Durante décadas, Philip Kotler ha sido el padre intelectual del marketing moderno. Sus libros se han convertido en la “Biblia” de varias generaciones de profesionales que aprendieron a interpretar los mercados bajo sus principios clásicos: producto, precio, plaza y promoción. Sin embargo, mientras los marketeros seguimos anclados a esas fórmulas, allá afuera emergen fenómenos que no obedecen al manual y aun así logran un éxito innegable.
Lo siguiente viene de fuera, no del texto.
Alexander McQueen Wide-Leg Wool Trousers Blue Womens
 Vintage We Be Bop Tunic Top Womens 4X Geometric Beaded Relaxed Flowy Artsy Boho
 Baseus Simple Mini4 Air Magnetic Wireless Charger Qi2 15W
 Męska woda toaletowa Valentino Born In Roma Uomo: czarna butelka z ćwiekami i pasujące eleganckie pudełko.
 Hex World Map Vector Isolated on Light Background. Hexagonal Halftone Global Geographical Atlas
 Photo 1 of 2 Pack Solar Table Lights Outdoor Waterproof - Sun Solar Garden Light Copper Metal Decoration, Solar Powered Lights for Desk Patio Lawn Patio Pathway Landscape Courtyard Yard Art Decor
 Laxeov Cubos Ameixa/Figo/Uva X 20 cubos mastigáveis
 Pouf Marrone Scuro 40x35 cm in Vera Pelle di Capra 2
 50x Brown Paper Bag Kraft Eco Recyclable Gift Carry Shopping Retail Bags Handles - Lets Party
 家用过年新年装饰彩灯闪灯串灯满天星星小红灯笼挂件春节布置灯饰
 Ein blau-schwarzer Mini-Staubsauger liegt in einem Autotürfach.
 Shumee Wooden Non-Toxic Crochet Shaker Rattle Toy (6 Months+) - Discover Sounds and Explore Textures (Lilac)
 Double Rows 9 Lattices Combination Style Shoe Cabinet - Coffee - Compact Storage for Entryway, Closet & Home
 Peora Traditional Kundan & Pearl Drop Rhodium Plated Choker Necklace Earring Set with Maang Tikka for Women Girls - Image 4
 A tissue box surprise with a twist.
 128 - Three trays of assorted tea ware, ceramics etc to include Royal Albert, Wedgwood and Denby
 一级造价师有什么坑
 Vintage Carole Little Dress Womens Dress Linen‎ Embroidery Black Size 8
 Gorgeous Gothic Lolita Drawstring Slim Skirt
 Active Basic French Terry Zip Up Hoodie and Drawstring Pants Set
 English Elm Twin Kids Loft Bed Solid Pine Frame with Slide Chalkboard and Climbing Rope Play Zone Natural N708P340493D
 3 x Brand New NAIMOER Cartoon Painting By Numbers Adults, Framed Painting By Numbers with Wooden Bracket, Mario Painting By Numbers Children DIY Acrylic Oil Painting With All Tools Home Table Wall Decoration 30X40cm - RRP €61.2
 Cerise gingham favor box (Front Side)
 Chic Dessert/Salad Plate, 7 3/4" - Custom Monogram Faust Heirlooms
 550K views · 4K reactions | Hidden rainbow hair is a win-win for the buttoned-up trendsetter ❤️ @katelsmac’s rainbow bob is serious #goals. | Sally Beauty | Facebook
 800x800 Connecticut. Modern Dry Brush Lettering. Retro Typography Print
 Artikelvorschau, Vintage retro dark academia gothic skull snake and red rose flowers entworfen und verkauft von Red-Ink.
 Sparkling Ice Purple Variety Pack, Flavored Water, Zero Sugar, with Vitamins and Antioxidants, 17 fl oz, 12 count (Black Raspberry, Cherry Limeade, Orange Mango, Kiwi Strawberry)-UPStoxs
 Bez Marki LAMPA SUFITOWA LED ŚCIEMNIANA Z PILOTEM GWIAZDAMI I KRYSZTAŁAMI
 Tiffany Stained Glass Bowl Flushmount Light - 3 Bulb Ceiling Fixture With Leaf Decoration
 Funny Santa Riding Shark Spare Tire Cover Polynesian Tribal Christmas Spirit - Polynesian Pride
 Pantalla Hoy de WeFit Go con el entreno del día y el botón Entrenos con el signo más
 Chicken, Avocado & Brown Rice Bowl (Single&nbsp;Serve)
Uno de esos casos en República Dominicana es el fenómeno de La Casa de Alofoke. Para algunos, representa un retroceso cultural; para otros, un movimiento audaz que conecta con la juventud en sus propios códigos. Más allá de las valoraciones morales, los números hablan: millones de vistas, influencia en la conversación pública y una capacidad de monetización que muchos proyectos “formales” de marketing envidiarían.
El problema es que gran parte de los profesionales del sector elige darle la espalda. Como si ignorarlo borrara su impacto. Se refugian en Kotler, en teorías intachables y en planes estratégicos impecables que, sin embargo, a veces no logran mover la aguja en la misma proporción. Este desdén no es nuevo: históricamente, la academia suele reaccionar con cautela o rechazo ante prácticas que nacen fuera de sus parámetros. Pero, ¿no es precisamente ahí donde el marketing muestra su verdadera esencia: en la capacidad de adaptarse a las realidades del consumidor, aun cuando estas incomoden?
Fenómenos como La Casa de Alofoke ponen sobre la mesa una verdad incómoda: el marketing no vive únicamente en las aulas ni en los manuales. Vive en la calle, en las redes, en la cultura popular. Y negarse a estudiar esos escenarios es, de alguna forma, renunciar a entender al consumidor dominicano en toda su complejidad.
Quizás el reto de nuestra generación de marketeros no sea elegir entre Kotler y Alofoke, sino entender que ambos representan caras distintas de un mismo oficio. Kotler ofrece estructura, análisis y método. Alofoke, por su parte, muestra la fuerza de la intuición, del lenguaje popular y de la autenticidad, aunque sea disruptiva.
En última instancia, nuestro deber no es defender dogmas, sino observar con mente abierta. Analizar cada fenómeno, incluso aquellos que hieren nuestra sensibilidad profesional. Porque solo así el marketing dejará de ser una disciplina encerrada en las sombras de Kotler para convertirse en un ejercicio vivo, crítico y profundamente conectado con la sociedad que busca servir.